Você sempre diz que gosta de trabalhar nas fragilidades de seus atletas. Os jogadores reagem bem a isso?
Sempre trabalho no ponto fraco. Se um jogador tem um ótimo saque, você pode melhorar cerca de 0,5% deste golpe. Mas, se o backhand é ruim, você pode melhorá-lo em 5 ou 10%. Então, se você trabalha nas deficiências, pode fazer delas uma arma. Os jogadores têm que estar prontos para treinar as dificuldades. Quando começo o trabalho com um tenista, pergunto para ele o quão bom ele quer ser. Então, digo o que teremos que fazer para alcançar este objetivo. Se quiser fazer, ótimo. Se não, procuro outra pessoa para chegar lá.

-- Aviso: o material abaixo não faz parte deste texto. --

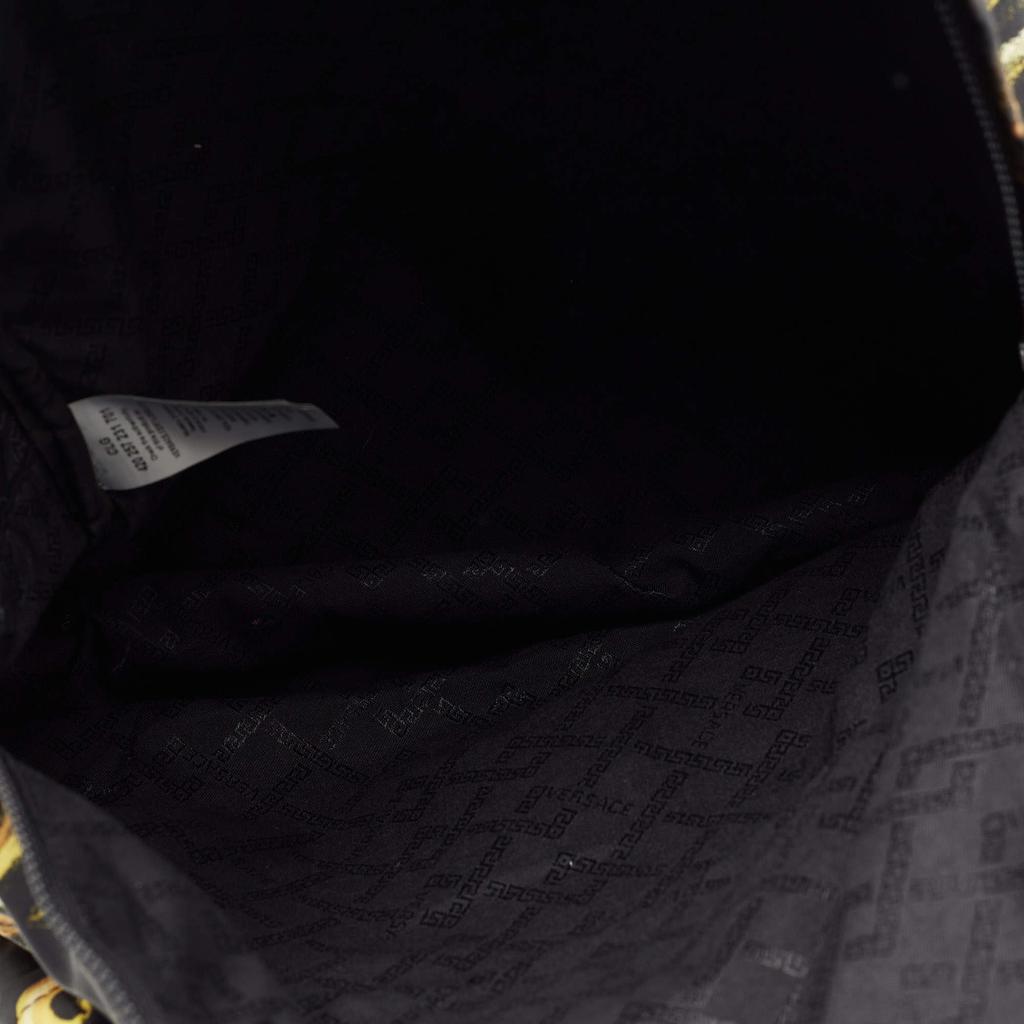 Versace Multicolor Printed Nylon and Leather Medusa Pallazo Backpack商品第8张图片规格展示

Qual a importância do trabalho pós-jogo?
Ele é importante mental e fisicamente. Em Roland Garros, quando Courier ganhava e nós saíamos para caminhar logo em seguida, as pessoas pensavam que estávamos fazendo aquilo para nos exibir. Atualmente, todos os jogadores ficam uns 30, 45 minutos se recuperando. Quando se joga uma partida, seu corpo fica com uma hiperatividade. Você precisa relaxar para depois deitar na cama e ter uma boa noite de sono, para poder jogar uma boa partida no dia seguinte. Além disso, é muito importante que você pense sobre a partida, quais foram as decisões certas e erradas.